[Corpora-List] Recent LDC Corpora

From: Linguistic Data Consortium (ldc@ldc.upenn.edu)
Date: Thu Aug 07 2003 - 21:44:58 MET DST

  • Next message: Maryam Abacha: "Maryam"

                                  LDC2003T12

                           * Arabic Gigaword *

                              * LDC2003V01 *

                       * FORM2 Kinematic Gesture *

    The Linguistic Data Consortium (LDC) is pleased to announce the
    availability of two new releases.

    1. Arabic Gigaword is a comprehensive archive of newswire text data
    that has been acquired from Arabic news sources by the LDC. The
    newswire texts are drawn from four sources:

       Agence France Presse (afp)
       Al Hayat News Agency (alh)
       Al Nahar News Agency (ann)
       Xinhua News Agency (xin)

    Much of the Agence France Presse content in this collection has been
    published previously by the LDC in Arabic Newswire Part 1 (LDC2001T55).
       The entire Al Hayat, An Nahar and Xinhua Arabic content, as well as
    AFP content for 2001-2002, is previously unreleased material.

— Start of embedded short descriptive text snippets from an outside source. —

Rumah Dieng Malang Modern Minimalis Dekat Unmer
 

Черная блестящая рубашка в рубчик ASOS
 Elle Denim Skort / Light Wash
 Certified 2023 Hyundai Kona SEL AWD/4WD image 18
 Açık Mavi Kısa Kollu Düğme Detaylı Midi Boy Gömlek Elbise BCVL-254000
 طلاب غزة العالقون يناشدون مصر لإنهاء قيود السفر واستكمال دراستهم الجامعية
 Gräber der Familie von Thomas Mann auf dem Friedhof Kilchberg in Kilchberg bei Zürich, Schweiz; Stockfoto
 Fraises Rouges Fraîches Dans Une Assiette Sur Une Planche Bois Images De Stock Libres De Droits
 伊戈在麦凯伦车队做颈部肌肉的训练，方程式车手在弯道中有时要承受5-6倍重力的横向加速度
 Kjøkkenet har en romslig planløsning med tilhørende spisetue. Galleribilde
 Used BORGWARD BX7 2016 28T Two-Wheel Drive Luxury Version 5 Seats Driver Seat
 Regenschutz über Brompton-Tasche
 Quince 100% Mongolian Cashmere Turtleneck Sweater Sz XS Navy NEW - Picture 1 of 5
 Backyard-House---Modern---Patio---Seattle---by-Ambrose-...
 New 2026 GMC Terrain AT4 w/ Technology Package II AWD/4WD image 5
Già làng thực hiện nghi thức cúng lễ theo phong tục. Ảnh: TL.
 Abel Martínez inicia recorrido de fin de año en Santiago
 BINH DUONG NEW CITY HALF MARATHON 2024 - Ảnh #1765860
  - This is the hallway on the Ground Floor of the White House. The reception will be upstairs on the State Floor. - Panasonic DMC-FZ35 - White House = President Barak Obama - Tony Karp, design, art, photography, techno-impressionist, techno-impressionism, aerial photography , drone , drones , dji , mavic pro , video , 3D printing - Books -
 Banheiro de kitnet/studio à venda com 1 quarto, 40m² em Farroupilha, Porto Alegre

    Arabic Gigaword consists of 319 files, totaling approximately 1.1GB in
    compressed form (4348 MB uncompressed, and 391619 Kwords). All text
    files corpus have been converted to UTF-8 character encoding. Arabic
    Gigaword is distributed on DVD.

    For further information, including a link to online documentation,
    please visit:

    http://www.ldc.upenn.edu/Catalog/CatalogEntry.jsp?catalogId=LDC2003T12

    Institutions that have membership in the LDC during the 2003
    Membership Year will be able to receive this corpus free of charge.
    Nonmembers may license this publication for $2,500.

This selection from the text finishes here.